Officials had announced a voluntary evacuation order for the Tahoe Keys, a waterfront subdivision on the lake, but later said the announcement was based on erroneous information and there was no such order.

Earlier in the day, authorities said the danger to homes had diminished overnight as dying winds gave firefighters a badly needed leg up on the inferno. But it was still burning throughout the day along rugged, uninhabited slopes, and officials cautioned that strong winds, forecast to reach 40 mph this week, could fan the flames.

“It’s windy up here. It’s very dry here,” Evans said. “When you have wind and dry fuel you get columns like what we see now.”

A hoped-for July 1 containment was pushed back to July 3, Hawkins said.

“Why should I be up here telling you that it’s almost over, because it’s not,” he told firefighters at a planning session late Tuesday.

The flare-up was about three miles from where the fire started Sunday. By Tuesday afternoon, the blaze had consumed more than 3,000 acres and was about 44 percent contained, fire officials said. Only two minor injuries have been reported.

Many homeowners got their first look Tuesday at the destruction wrought by the still-raging wildfire, with some discovering scenes of total devastation and others counting their blessings over smoke-filled homes blanketed with ash.

In the most heavily damaged neighborhoods, firefighters were still mopping up smoldering debris around houses where pockets of live flame lingered. Smoke hung thick over charred piles of rubble that were once homes to nurses, firefighters, policemen and teachers.

“I didn’t save hardly anything in the house,” said retired firefighter John Hartzell, whose home of 20 years was incinerated by the wildfire. Along with his wife, adult son and a daughter, he sorted through the charred rubble in search of any mementos that might have survived.

“I got out with the clothes on my back, my fire coat and my helmet,” he said.

Elsewhere, an opulent contemporary log home stood nearly untouched, even though all the sod in the yard had burned.

“It picks and chooses,” said Lynn Cisl, whose home along the edge of the most damaged area also survived. “It’s sort of like a disease. It’s devastating.”

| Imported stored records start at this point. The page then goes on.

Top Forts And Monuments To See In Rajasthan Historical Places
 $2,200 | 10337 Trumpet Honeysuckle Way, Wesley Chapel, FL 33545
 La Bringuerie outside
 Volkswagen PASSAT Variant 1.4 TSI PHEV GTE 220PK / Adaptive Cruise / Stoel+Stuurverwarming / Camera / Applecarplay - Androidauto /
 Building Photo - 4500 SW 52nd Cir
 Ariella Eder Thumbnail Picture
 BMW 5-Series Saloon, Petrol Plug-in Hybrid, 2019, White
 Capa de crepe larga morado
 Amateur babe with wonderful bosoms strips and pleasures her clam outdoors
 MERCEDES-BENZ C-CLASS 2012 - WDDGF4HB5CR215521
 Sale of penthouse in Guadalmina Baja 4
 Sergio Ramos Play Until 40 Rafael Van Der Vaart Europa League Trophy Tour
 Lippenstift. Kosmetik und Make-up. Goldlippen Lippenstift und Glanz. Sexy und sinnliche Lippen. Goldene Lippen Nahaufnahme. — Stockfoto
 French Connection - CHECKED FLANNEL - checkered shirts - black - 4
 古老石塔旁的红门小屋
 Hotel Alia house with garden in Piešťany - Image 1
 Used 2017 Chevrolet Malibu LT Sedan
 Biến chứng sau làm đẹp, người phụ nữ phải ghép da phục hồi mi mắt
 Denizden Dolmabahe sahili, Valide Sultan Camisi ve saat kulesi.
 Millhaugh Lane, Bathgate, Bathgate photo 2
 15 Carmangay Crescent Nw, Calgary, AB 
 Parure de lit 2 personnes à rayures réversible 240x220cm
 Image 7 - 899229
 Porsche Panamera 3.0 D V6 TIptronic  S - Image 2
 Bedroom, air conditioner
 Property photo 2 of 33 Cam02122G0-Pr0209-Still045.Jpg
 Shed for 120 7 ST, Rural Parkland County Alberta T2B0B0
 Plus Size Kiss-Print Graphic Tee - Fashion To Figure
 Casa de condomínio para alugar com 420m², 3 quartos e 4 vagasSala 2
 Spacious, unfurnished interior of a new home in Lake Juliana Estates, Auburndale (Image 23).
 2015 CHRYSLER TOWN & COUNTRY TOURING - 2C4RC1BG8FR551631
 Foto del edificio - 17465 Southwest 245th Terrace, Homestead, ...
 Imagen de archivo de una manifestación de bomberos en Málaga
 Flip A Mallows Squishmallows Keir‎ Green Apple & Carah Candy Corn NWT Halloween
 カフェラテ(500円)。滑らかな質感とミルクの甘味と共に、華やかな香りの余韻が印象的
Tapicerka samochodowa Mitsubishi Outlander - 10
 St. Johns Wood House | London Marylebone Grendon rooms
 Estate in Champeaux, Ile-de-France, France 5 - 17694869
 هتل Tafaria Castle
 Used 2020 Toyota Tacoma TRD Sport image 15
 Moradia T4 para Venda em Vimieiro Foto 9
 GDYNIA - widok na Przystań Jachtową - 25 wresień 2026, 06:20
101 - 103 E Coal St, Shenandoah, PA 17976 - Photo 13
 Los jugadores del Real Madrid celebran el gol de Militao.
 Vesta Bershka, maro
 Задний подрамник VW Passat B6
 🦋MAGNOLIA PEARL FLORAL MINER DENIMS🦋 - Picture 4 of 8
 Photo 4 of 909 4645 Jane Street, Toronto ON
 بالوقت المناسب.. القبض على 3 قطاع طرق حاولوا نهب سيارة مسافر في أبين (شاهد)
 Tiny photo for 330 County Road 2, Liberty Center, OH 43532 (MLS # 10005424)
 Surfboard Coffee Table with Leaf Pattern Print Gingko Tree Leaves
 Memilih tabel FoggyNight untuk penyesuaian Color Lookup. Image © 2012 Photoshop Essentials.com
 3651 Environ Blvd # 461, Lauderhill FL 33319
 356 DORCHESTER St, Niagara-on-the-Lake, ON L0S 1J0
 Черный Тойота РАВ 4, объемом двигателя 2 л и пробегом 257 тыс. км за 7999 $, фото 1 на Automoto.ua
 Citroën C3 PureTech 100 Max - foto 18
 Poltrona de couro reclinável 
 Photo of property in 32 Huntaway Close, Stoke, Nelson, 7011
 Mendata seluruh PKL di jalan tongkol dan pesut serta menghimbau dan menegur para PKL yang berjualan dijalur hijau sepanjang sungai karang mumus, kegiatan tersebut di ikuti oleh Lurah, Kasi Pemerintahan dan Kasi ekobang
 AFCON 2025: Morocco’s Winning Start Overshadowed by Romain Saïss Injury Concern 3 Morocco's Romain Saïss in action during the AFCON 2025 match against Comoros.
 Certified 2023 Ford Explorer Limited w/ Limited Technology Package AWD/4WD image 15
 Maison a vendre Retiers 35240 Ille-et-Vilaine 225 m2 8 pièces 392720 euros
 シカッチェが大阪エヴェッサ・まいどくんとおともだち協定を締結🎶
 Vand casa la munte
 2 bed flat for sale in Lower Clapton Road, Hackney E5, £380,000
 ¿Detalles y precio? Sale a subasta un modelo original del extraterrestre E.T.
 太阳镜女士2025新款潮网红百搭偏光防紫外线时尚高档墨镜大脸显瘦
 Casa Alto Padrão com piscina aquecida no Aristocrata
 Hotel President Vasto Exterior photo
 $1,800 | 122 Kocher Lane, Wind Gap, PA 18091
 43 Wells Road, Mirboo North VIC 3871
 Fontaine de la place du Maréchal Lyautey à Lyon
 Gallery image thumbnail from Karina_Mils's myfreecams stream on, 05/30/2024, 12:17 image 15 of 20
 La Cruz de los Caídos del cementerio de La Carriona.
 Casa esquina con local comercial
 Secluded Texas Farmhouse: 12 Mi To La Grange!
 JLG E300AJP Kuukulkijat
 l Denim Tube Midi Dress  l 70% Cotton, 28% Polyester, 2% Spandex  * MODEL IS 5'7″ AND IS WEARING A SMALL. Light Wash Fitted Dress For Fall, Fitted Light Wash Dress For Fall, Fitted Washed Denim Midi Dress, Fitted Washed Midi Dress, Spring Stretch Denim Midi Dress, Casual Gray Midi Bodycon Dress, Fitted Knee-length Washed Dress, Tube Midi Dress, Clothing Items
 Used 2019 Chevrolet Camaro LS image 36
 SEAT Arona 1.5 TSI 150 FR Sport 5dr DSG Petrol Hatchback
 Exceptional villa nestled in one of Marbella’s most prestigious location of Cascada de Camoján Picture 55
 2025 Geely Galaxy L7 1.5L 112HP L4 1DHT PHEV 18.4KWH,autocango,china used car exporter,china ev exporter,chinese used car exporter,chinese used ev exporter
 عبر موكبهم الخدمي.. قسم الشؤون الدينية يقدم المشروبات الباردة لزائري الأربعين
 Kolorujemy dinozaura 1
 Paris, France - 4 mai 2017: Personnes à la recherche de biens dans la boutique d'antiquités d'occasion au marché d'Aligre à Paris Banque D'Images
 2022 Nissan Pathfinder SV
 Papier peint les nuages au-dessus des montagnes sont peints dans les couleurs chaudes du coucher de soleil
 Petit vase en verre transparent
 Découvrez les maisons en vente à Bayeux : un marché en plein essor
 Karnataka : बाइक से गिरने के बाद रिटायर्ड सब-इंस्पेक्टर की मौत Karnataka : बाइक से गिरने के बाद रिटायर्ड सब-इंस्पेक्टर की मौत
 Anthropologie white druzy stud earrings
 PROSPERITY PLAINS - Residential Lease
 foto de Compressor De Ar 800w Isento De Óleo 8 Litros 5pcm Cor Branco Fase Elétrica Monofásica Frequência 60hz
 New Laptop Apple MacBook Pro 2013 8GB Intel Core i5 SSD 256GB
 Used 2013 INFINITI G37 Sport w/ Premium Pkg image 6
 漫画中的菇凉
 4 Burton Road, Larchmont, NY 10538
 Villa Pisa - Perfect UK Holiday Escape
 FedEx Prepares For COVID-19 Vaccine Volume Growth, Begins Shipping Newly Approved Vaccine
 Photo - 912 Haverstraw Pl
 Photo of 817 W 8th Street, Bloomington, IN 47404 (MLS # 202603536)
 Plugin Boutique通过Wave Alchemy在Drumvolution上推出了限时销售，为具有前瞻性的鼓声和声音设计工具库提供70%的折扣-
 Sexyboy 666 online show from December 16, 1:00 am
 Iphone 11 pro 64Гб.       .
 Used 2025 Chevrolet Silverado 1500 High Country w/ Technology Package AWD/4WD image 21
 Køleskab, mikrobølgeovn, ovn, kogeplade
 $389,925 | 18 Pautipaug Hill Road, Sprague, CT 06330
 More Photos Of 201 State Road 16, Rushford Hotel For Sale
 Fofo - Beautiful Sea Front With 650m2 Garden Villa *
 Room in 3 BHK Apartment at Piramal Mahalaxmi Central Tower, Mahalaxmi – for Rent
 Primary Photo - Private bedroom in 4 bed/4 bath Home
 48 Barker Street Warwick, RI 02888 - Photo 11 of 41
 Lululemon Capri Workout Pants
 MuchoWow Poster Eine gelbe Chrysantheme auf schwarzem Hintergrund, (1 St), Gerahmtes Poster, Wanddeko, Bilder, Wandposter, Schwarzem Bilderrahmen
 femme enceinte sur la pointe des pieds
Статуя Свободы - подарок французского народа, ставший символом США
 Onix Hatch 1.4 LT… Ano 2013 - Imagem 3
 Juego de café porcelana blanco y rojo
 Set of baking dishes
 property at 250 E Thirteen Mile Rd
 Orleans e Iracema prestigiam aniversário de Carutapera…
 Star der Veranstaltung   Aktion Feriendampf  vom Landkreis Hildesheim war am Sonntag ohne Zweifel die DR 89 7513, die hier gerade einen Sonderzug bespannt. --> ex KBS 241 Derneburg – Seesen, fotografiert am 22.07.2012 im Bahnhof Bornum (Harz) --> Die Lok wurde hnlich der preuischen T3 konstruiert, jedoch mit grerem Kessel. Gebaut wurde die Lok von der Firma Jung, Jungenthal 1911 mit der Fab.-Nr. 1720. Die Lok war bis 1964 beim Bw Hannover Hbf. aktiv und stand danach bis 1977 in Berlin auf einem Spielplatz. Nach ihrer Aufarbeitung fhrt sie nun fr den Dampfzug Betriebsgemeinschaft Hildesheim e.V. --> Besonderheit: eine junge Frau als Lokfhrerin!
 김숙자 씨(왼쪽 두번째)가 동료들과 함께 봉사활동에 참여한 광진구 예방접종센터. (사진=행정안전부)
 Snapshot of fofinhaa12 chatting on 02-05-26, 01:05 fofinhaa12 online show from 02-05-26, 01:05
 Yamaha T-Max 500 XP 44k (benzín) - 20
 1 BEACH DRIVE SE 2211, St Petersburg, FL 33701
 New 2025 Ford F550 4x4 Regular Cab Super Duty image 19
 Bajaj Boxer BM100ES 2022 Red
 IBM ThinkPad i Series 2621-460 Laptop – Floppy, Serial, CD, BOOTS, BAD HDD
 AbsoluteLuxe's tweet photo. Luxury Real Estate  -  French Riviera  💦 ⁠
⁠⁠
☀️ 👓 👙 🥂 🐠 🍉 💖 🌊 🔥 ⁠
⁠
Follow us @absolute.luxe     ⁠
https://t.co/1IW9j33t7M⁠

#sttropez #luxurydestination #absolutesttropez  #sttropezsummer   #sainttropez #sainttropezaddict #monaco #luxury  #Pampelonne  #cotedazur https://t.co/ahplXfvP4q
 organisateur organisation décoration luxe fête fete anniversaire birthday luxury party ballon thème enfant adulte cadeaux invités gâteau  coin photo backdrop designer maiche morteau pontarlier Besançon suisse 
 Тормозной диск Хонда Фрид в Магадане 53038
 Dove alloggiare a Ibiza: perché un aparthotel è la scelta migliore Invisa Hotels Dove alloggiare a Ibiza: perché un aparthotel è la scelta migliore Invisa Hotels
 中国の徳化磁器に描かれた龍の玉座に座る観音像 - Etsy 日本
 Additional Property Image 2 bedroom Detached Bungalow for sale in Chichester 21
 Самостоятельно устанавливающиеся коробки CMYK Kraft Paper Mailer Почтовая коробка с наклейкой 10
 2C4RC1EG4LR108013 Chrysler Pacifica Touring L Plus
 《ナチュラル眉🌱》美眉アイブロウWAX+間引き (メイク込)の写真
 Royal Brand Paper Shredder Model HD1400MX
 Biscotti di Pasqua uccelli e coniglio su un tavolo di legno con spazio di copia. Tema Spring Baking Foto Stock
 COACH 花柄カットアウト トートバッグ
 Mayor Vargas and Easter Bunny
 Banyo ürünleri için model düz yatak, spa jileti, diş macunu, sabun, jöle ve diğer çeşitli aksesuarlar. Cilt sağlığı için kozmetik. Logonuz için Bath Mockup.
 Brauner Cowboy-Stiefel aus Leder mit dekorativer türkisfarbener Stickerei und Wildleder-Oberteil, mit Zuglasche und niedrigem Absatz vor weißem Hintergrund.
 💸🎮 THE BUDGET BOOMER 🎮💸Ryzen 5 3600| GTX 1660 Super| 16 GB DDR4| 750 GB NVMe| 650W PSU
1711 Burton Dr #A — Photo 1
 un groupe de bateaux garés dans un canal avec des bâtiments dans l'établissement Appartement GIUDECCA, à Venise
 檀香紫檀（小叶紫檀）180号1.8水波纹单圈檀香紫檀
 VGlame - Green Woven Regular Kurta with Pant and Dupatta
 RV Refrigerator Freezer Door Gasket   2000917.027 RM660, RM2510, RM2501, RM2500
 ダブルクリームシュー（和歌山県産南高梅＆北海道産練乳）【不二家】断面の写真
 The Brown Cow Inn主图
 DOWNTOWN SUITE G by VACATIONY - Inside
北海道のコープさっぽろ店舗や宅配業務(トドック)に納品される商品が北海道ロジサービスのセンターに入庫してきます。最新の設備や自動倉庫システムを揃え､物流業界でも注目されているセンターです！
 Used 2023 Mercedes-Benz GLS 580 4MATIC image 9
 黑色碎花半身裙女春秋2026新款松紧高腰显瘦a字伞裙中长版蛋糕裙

Concerned about looting, dozens of sheriff’s deputies and California Highway Patrol officers roamed the burned neighborhoods of Meyers, a few miles south of the lake, ensuring that only those who lived in the area were allowed in.

• Associated Press Writers Aaron C. Davis and Brendan Riley in Meyers and Marcus Wohlsen in San Francisco contributed to this report.

By the numbers

Angora fire

Structures destroyed: 178 homes and 47 other structures

Acres burned as of press time: 3,100, nearly 4 square miles

Evacuation centers: 1,000 people evacuated; South Tahoe Recreation Center, Carson High School, Incline High School

Start area: Seneca Drive on U.S. Forest Service land

ETA of containment: 44 percent contained, full containment expected Tuesday

Firefighters: 1,889 from across the region, 54 crews

Fire engines: 145

Helicopters: 11

Injuries: 1 minor injury to a firefighter’s knee; 2 firefighters who did have to deploy their fire shelters. They are unhurt.